--- YOUR ASSIGNMENT ---
From the data below, repeat everything exactly except the images.

--- DATA EXTRACT ---
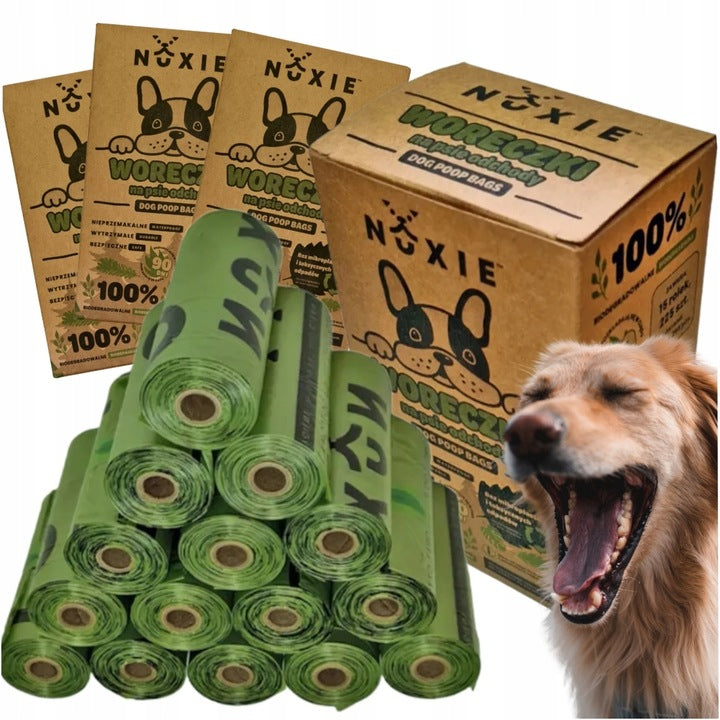 DOG FECES BAGS THICK BIODEGRADABLE POOP BAGS BIO 450 Pcs
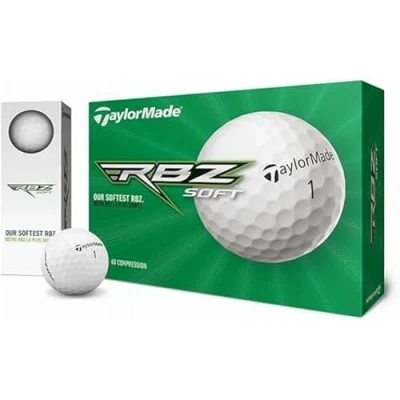 Afbeelding van TaylorMade RBZ Soft Dozen golfballen, wit, een dozijn 2021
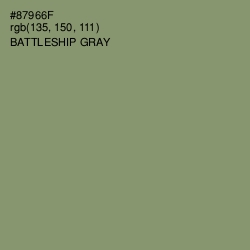 #87966F - Battleship Gray Color Image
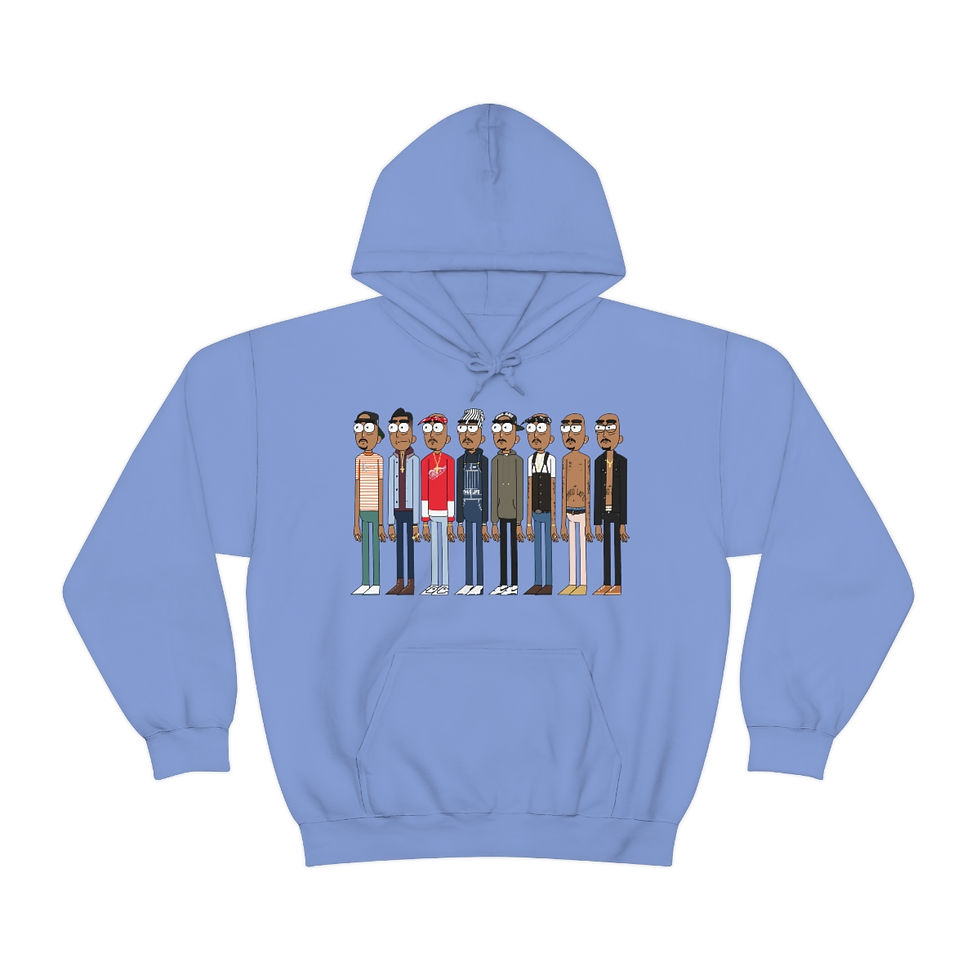 Thumbnail: Tupac x Rick Hooded Sweatshirt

--- RESULT ---
 DOG FECES BAGS THICK BIODEGRADABLE POOP BAGS BIO 450 Pcs
 Afbeelding van TaylorMade RBZ Soft Dozen golfballen, wit, een dozijn 2021
 #87966F - Battleship Gray Color Image
 Thumbnail: Tupac x Rick Hooded Sweatshirt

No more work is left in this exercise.